Peringkasan Teks Bahasa Indonesia dengan Pemilihan Fitur C4.5 dan Klasifikasi Naive Bayes

Wibowo, Septiandi. 2013.

This research summarized Indonesian text documents using naive bayes (NB) classification method. Segmentation of the documents into sentences and feature computation are the initial stages of training the system to determine which sentences are classified as summary. The classification used 11 features (f1-f11). The features are selected using C4.5 decision tree to determine the features that affect the summary, reduce the number of features and speed up the summarization. The accuracy of summarization using 10 features (f1-f10) was 34.63%, 37.96%, and 28.14% for compression rate (CR) of 10%, 20%, and 30%, respectively. Adding f11 and C4.5 produced an accuracy of 52.45%, 51.49% and 51.35% for CR 10%, 20%, and 30%, respectively. Text summarization using NB classification, C4.5 feature selection, and additional f11 feature produced better accuracy and faster summarization.

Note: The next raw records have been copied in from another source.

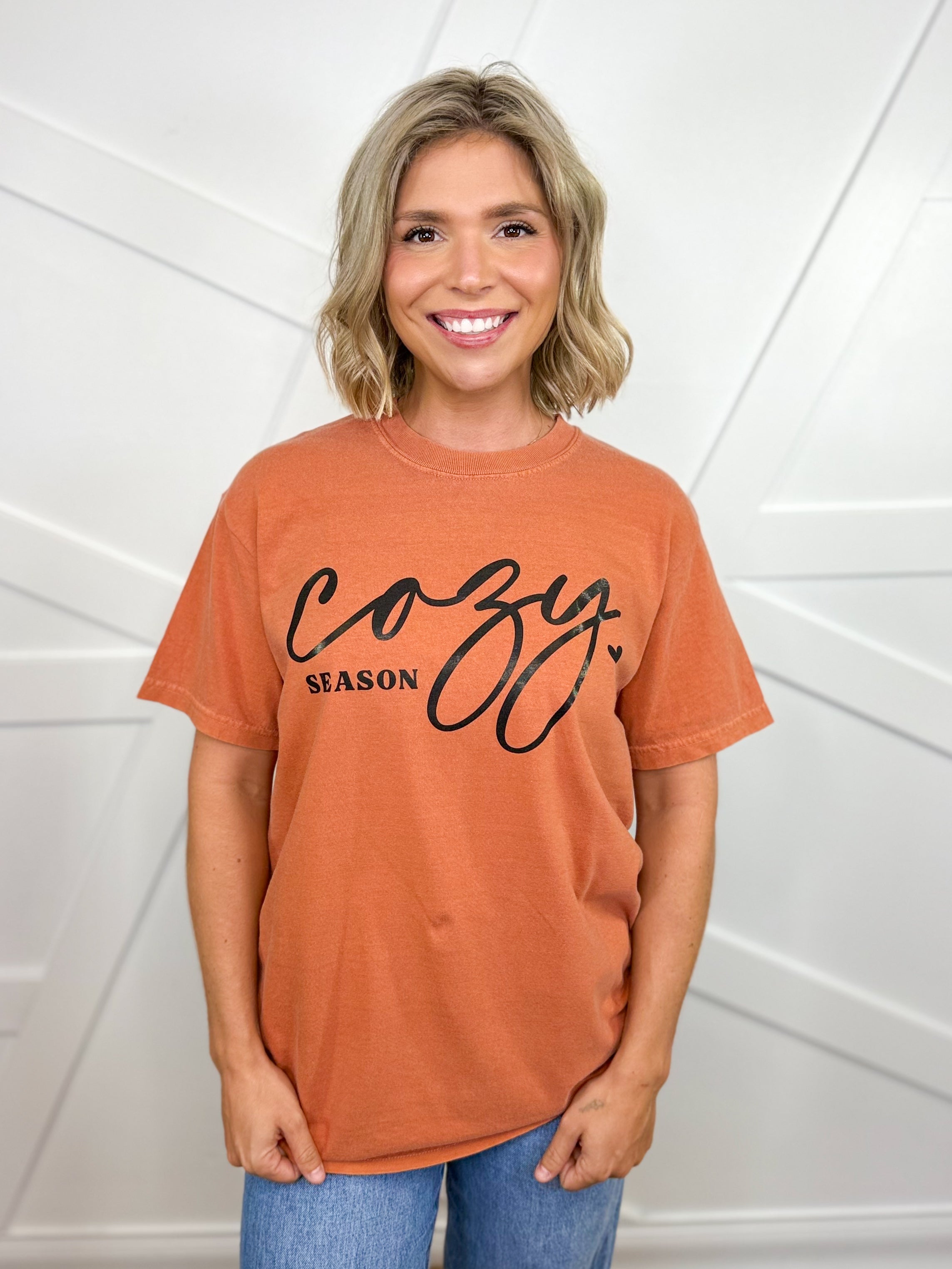 Cursive Cozy Season Graphic Tee - Yam-130 Graphic Tees-Heathered Boho-Heathered Boho Boutique, Women's Fashion and Accessories in Palmetto, FL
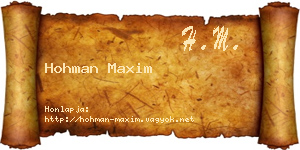 Hohman Maxim névjegykártya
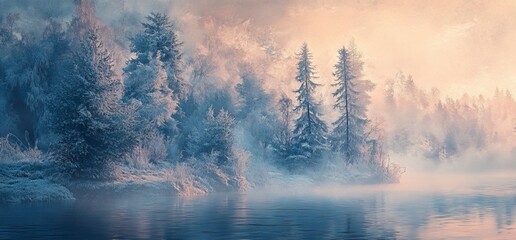 Wall Mural - beautiful winter landscape with trees covered in frost, fog, and mist on the river bank at sunrise. 
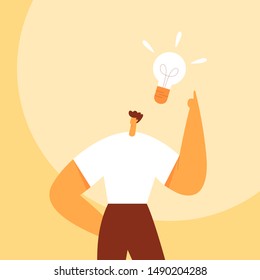 Light bulb over the man head. Business concept of creating new good ideas or thoughts. Cartoon male character, businessman. Flat vector illustration. Use in web projects and applications.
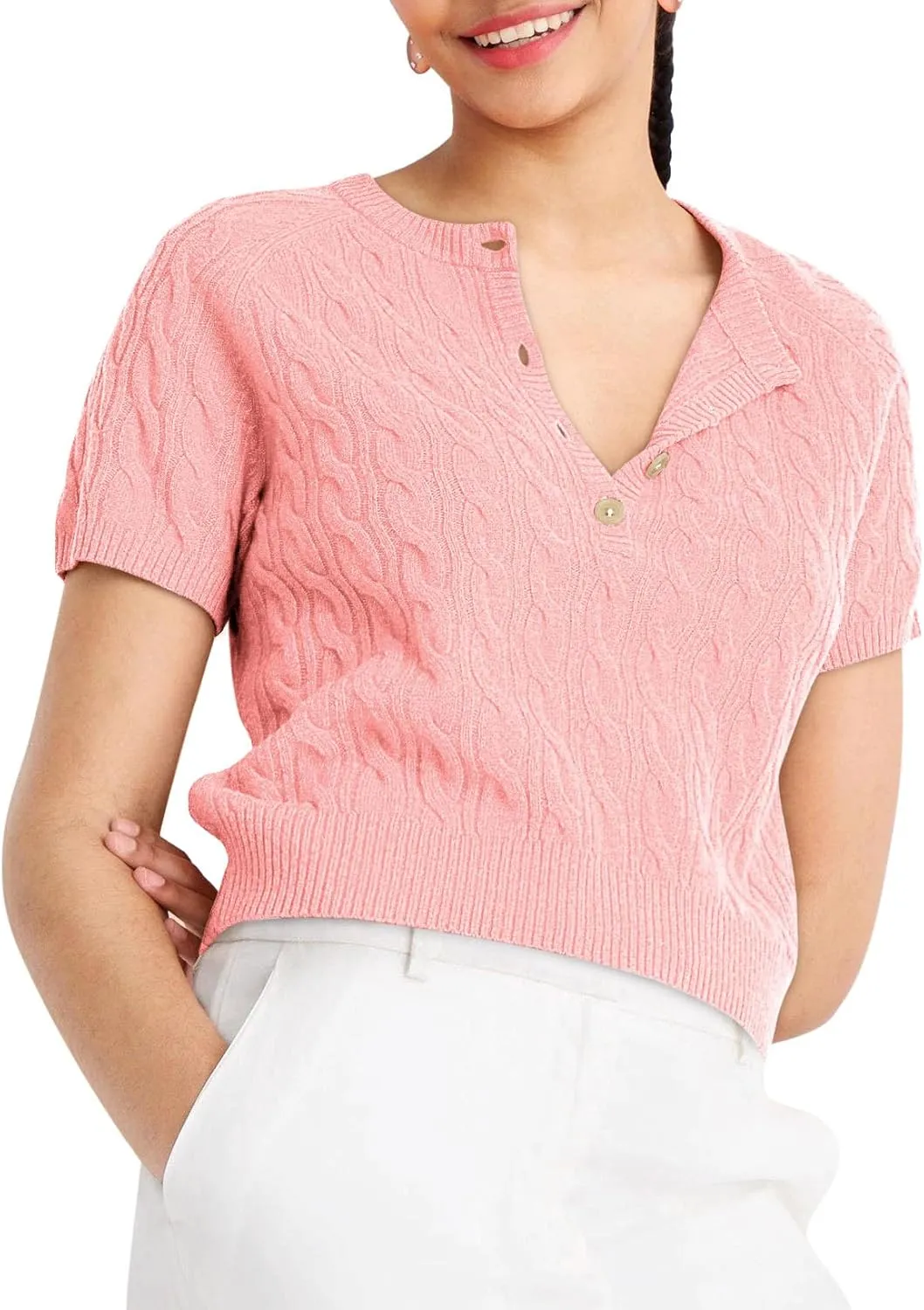 Yousify Short Sleeve Sweaters for Women Trendy 2024 Summer Spring Tops Crewneck Button Up Blouses S-2XL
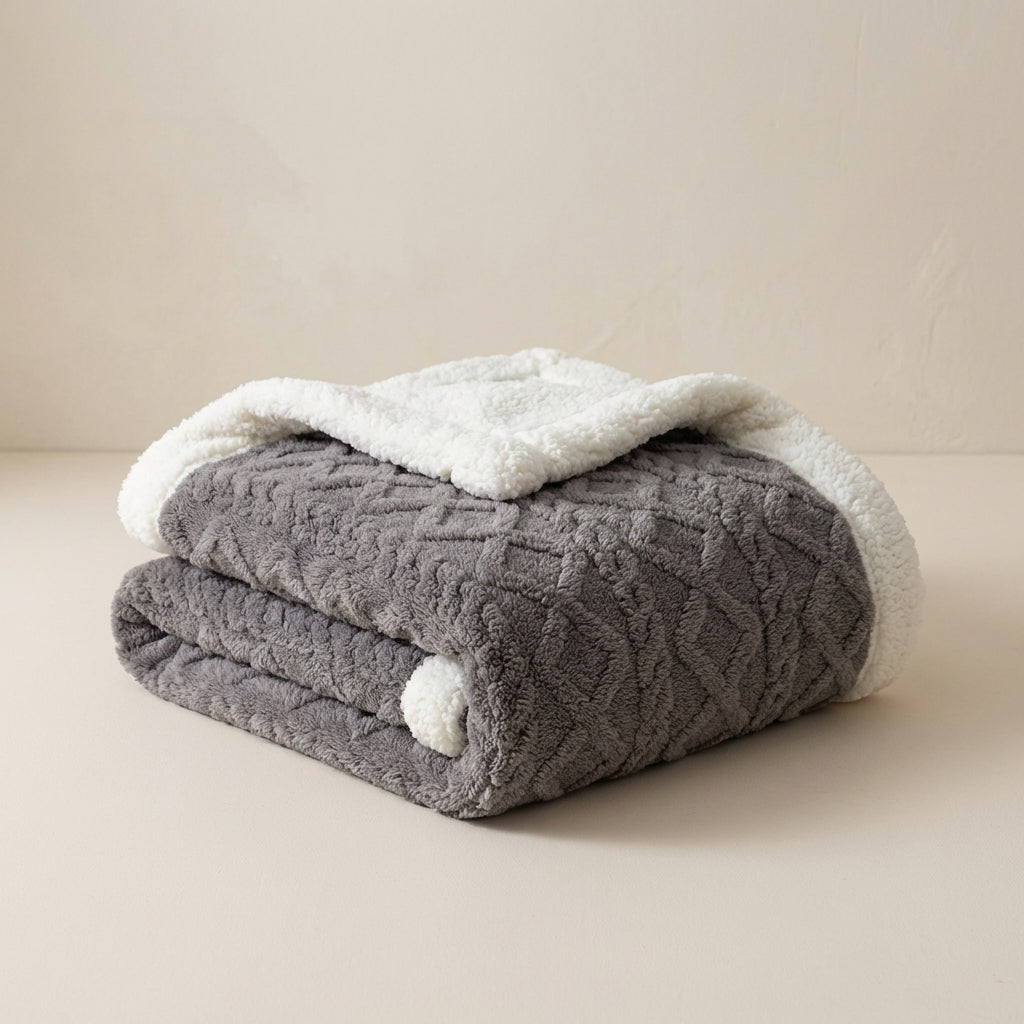 Velara Sherpa Throw Blanket – Reversible Fleece Soft Cozy Bed Sofa Lightweight Warm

Peringkas Dokumen Berbahasa Indonesia Berbasis Kata Benda dengan BM25

Pinandhita, Rendy Rivaldi. 2013.

This research develops summarization of Indonesian documents based on nouns. The problem in this study is that high number of digital documents makes it difficult for the reader to find the desired information. We use cosine similarity, content overlap, and Okapi BM25 in the summarization. This research used newspaper articles from previous research. In the process of summarization, before calculating the similarities, the documents were preprocessed using stoplist, stemming, and selection of nouns. Then, the documents were ranked using PageRank. We used kappa measure to evaluate the level of agreement among evaluators in assessing the relevance of the summaries. Dice coefficient was used to compare automatic summarization to manual ones. Based on the observations, we find that Okapi BM25 is better than cosine similarity and content overlap.